At the centre of it are two men, the lines between whom blur quite often. When we first meet Prem Singh — played by Vikrant Massey, who throws in a curveball in a role so dark that it hardly has any redeeming features — he is clad in a dressing gown, two sizes too big for his scrawny frame. Sprawled on a sofa in an expensive-looking home, he is watching Kaun Banega Crorepati with the kind of passion that makes you think he is the one on the hotseat. Prem goes to the kitchen, rinses his dinner plate off bones that seem too large to be that of any animal, proceeds to lovingly call his wife in the ‘gaon’ and then picks up a sinister-looking knife. He switches on the light of the bathroom and we see a young girl there, ‘sitting’ lifeless. With cold-blooded precision, Prem proceeds to chop the girl into pieces.

The scene is a masterclass in storytelling, starting off innocuously and ending in an unimaginably grisly manner. Prem, the caretaker of a bungalow in Sector 36, is a habitual predator, luring young boys and girls from the nearby camp of immigrants. They all end up dead after suffering abuse. Vikrant, that dreamy, ambitious, sweet Manoj Kumar Sharma of 12th Fail, slips into Prem like second skin, once again illustrating the versatility of his craft.

The other major player in this story is cop Ram Charan Pandey (Deepak Dobriyal excels). Assigned to Rajeev Camp, the immigrant tenement from which kids mysteriously disappear, courtesy Prem, Pandey lets these missing children remain a picture on the board of the police station, scarcely lifting a finger to probe even one case. Reason? Immigrants are the faceless section of our society. No one cares about them, either dead or alive. It is only when Pandey experiences something similar that hits close to home does his conscience jolt awake. What he uncovers after that — encumbered by a system that only serves the rich and well-connected — is a can of worms. And many, many body parts.

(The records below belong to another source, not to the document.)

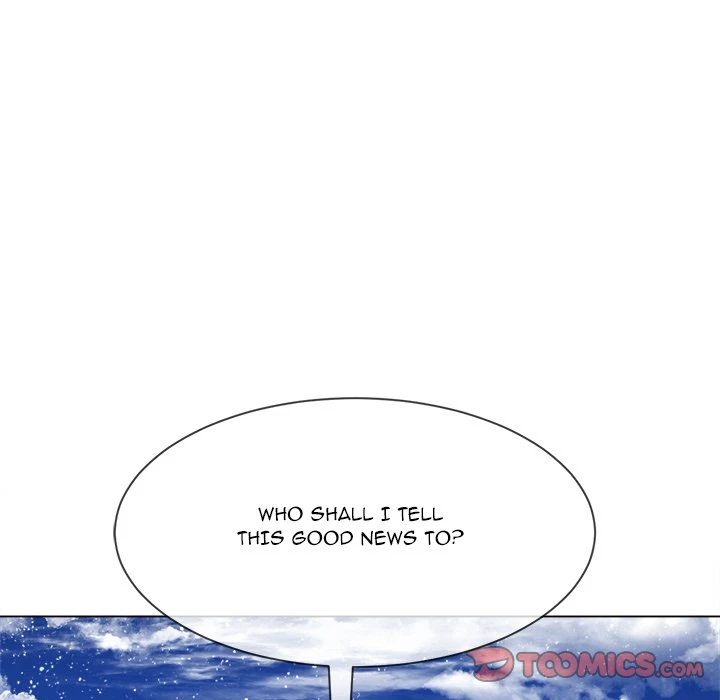 Chapter 51, page 135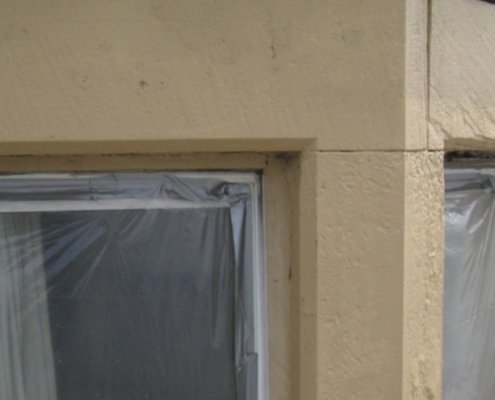 Doff cleaning with non-chemical technique Doff cleaning with non-chemical technique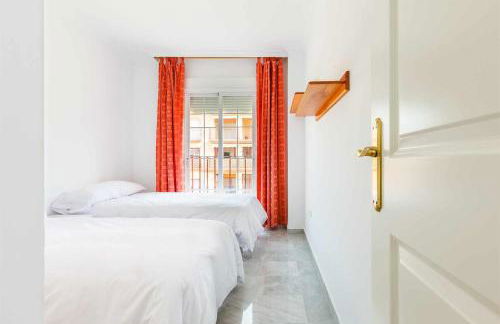 A&N Mezquita de Mar Mezquitilla - Foto 15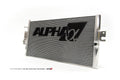Red Alpha Heat Exchanger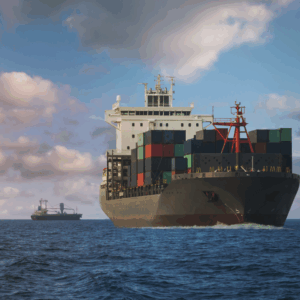 It's not just about moving boxes; it's about anticipating needs, selecting the right routes, aligning carrier options, and making data-driven decisions. Without it, businesses risk delays, unnecessary costs, and lost opportunities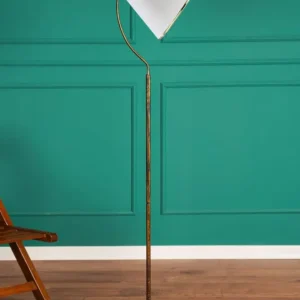 Vloerlamp Cone Floor Asir Group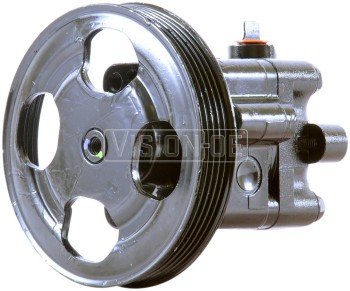 Power Steering Pump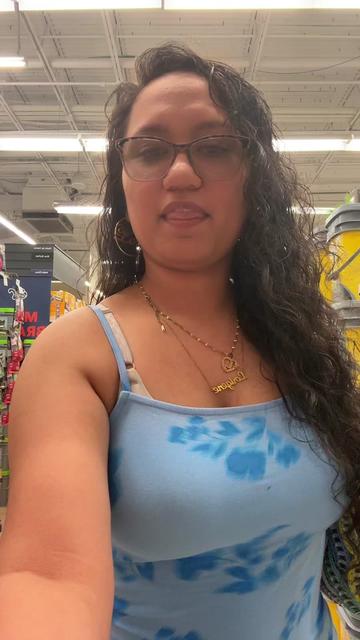@Marley 😘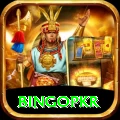 bingopkr Plus Edition v1.1.9
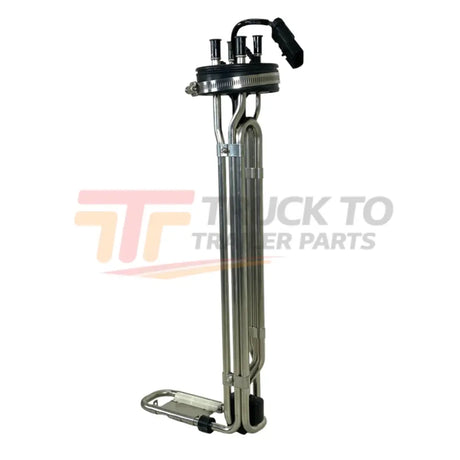 04-30774-004 Genuine Freightliner Def Header Level For Freightliner - Truck To Trailer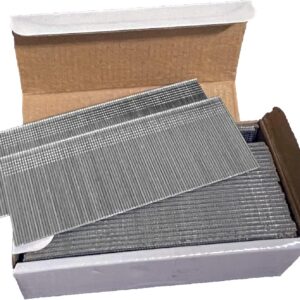 BRAD NAIL 16-GAUGE - 2"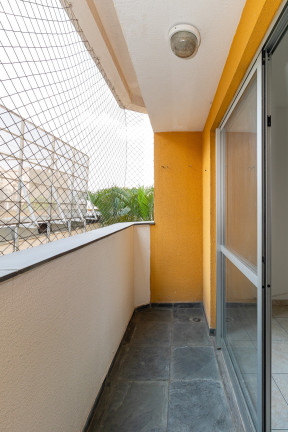 Imagem Apartamento com 2 Quartos à Venda, 57 m² em Liberdade - São Paulo Imagem Apartamento com 2 Quartos à Venda, 57 m² em Liberdade - São Paulo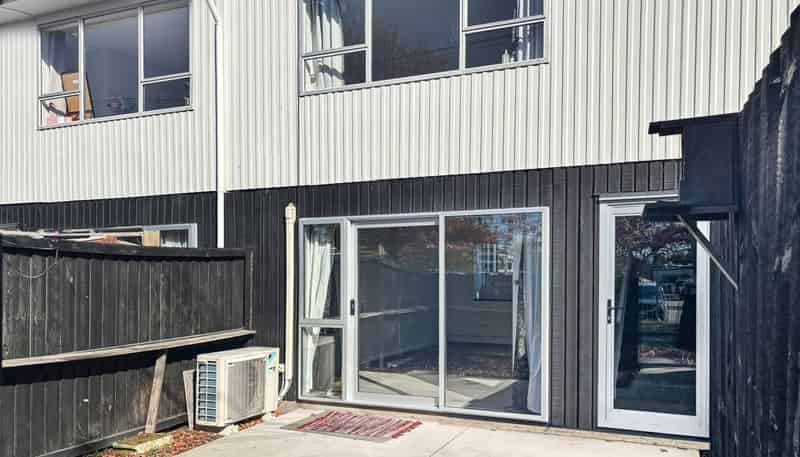 2/25 Cumberland St, Richmond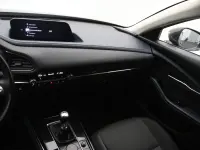 Mazda CX-30 2 132kW thumbnail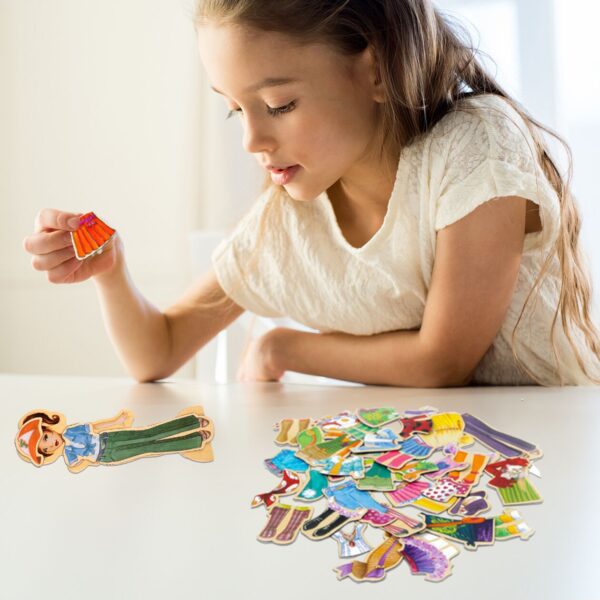 medine-magnetine-delione-aprenk-mergaite-2 medine-magnetine-delione-aprenk-mergaite-2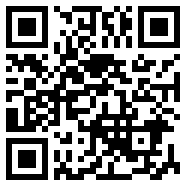 老司机网吧1.0.2
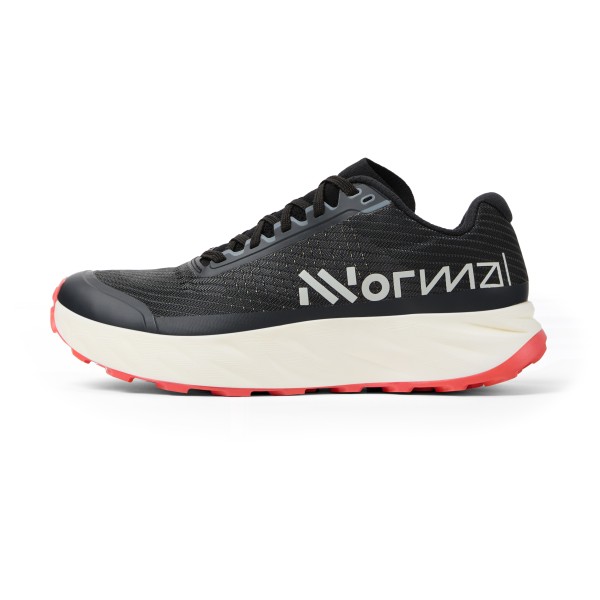 NNormal - Kjerag 2.0 - Trailschoenen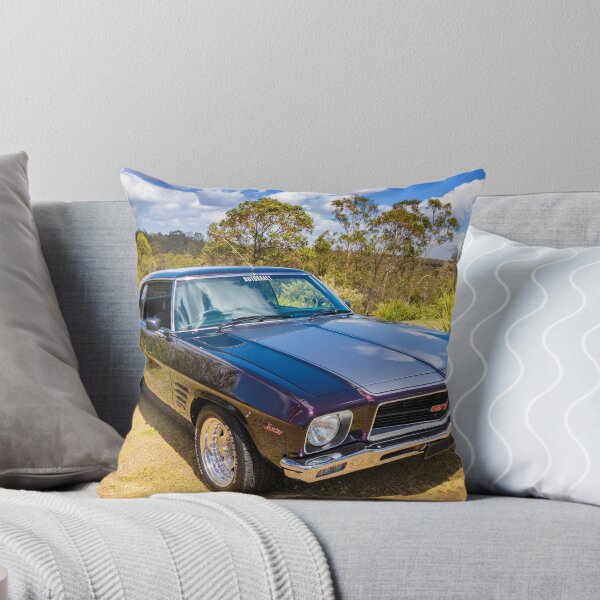Item preview, HQ Monaro designed and sold by Hawley Designs.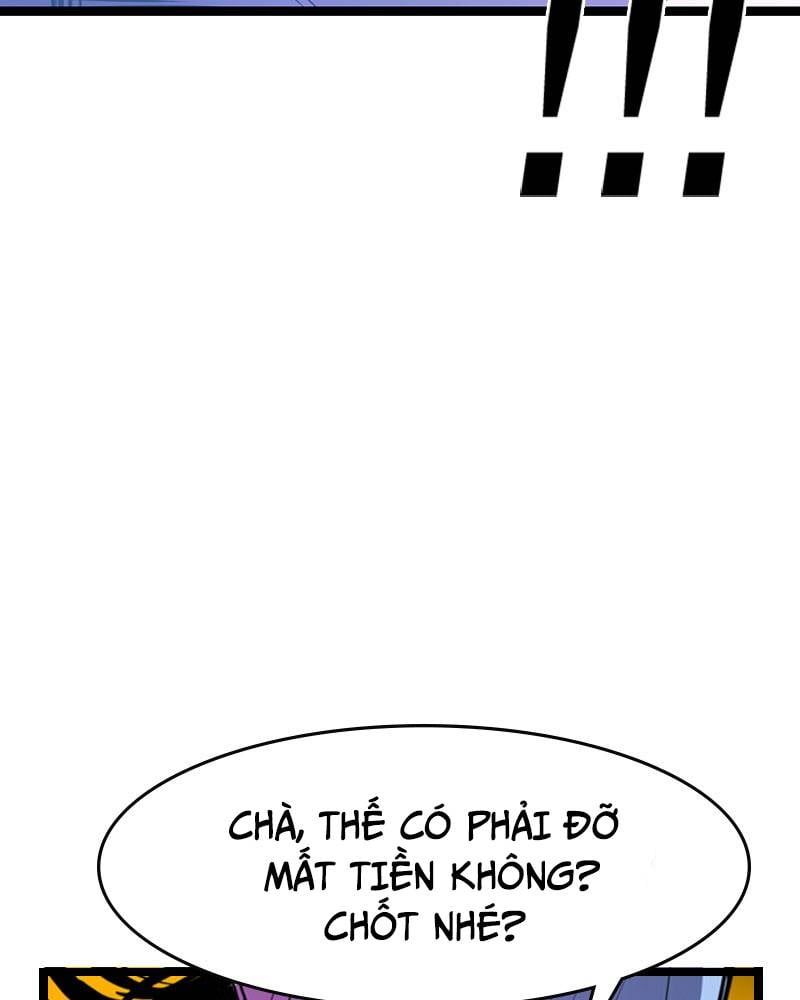 đọc truyện Phòng Gym Hanlim Chương 65 ảnh 129 tại Thiên Thai Truyện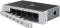 Миниатюра NETIS ST105D, фото 1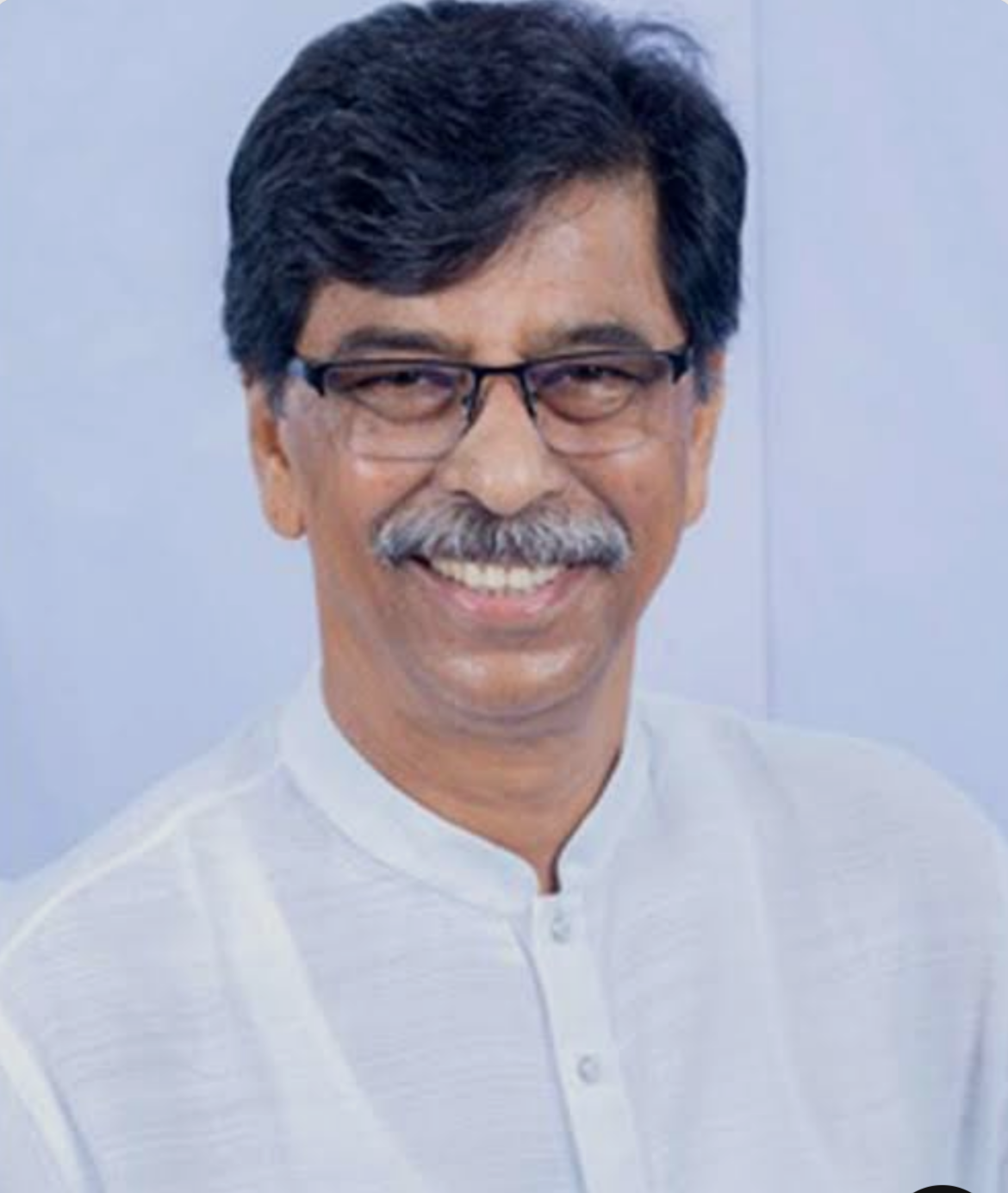 মৎস্যজীবী থেকে ভোক্তা সবাইকে জাটকা সংরক্ষণে এগিয়ে আসতে হবে: প্রাণিসম্পদ মন্ত্রী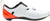 Garneau Tri X-Lite III Shoes - Men's - White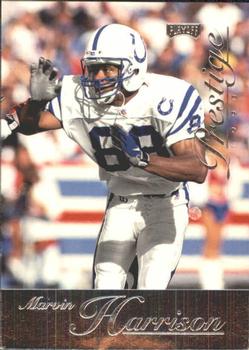 Marvin Harrison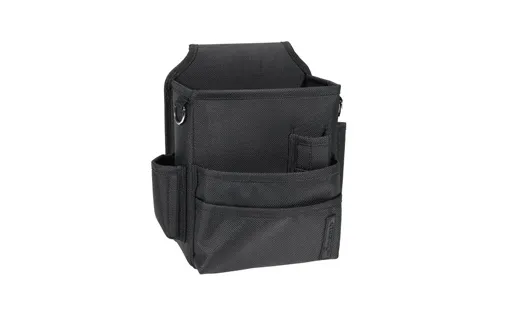 スムーズハイポーチ NDS-861-KKK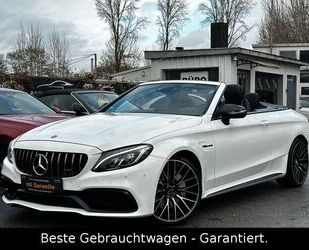 Mercedes-Benz C 250 Gebrauchtwagen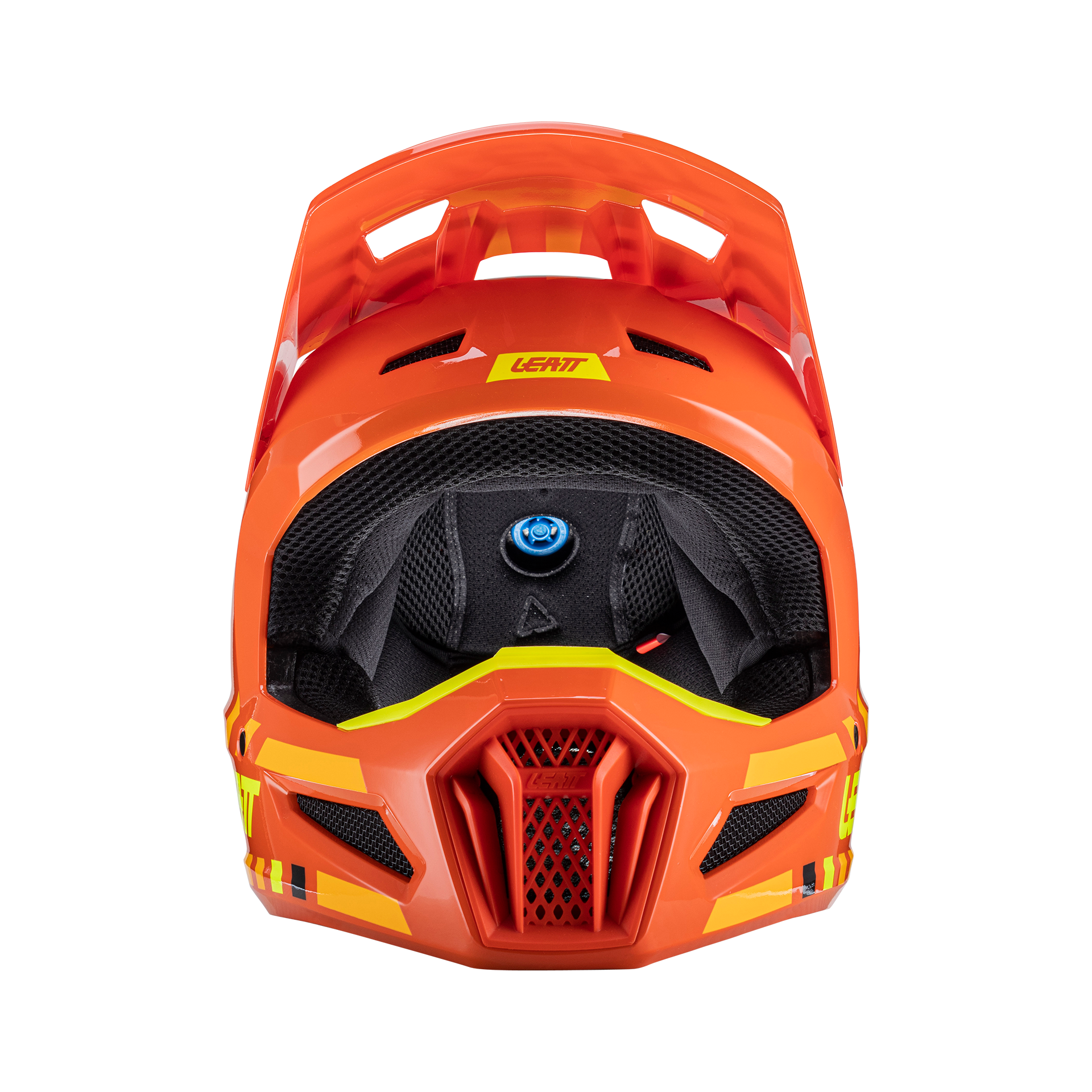Helmet Moto 2.5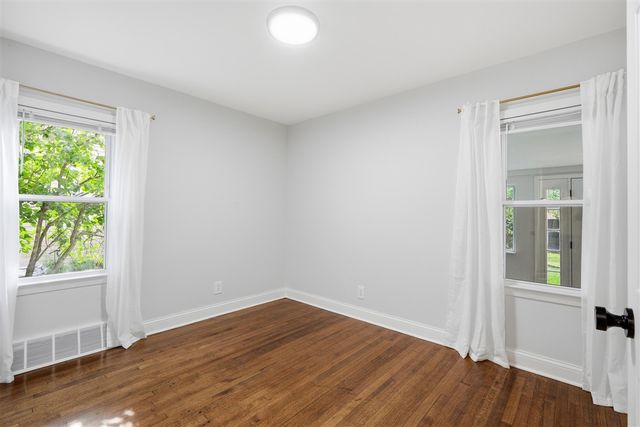 1203 E 2nd Street, Royal Oak, MI 48067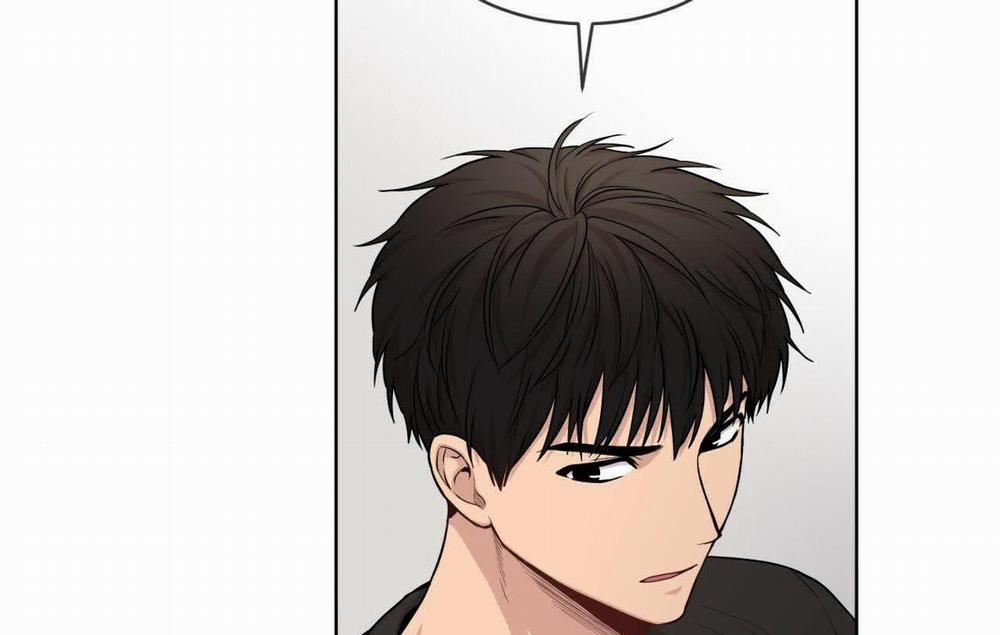 Passion Bl 54 trang 163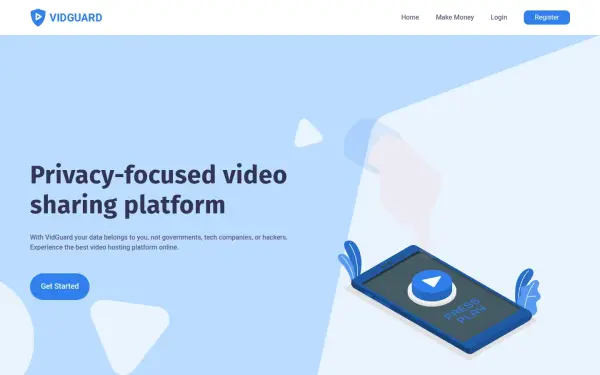 diputarvid.com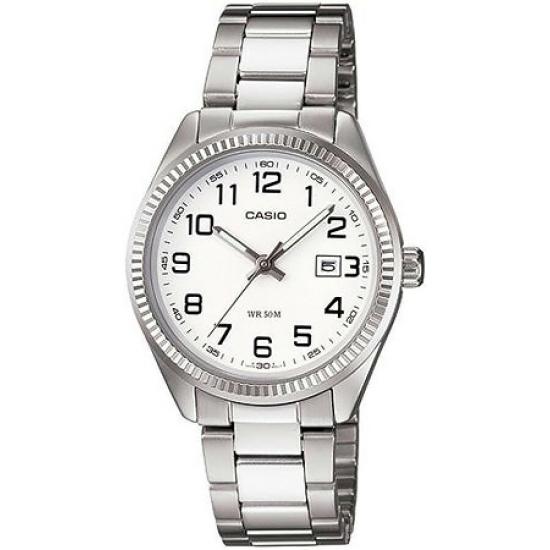 CASIO LTP-1302D-7BVDF KADIN KOL SAATİ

Aided by superlative acts from his two leads, Nimbalkar mounts his film in such a way that almost every scene feels like a whiplash. The one that must be mentioned is the interrogation scene in the police station with a smiling Prem — with immense pride — talking about his heinous crimes. He wants to get it over and done with considering that the latest episode of KBC is scheduled to start anytime soon and it would be sacrilegious for him to miss it. Prem’s nonchalance as he reveals his body count is juxtaposed with Pandey’s pent-up feelings of anger, disbelief and frustration as he hears him out. It is the kind of scene that should be made compulsory viewing in acting schools.

Sector 36 ends with one man as scapegoat and the other a victim of the system he sought to clean up. Nothing changes, it says, unfortunately, in the face of power, prestige and paisa. That is why this film is recommended viewing. More importantly, that is why this film is necessary viewing.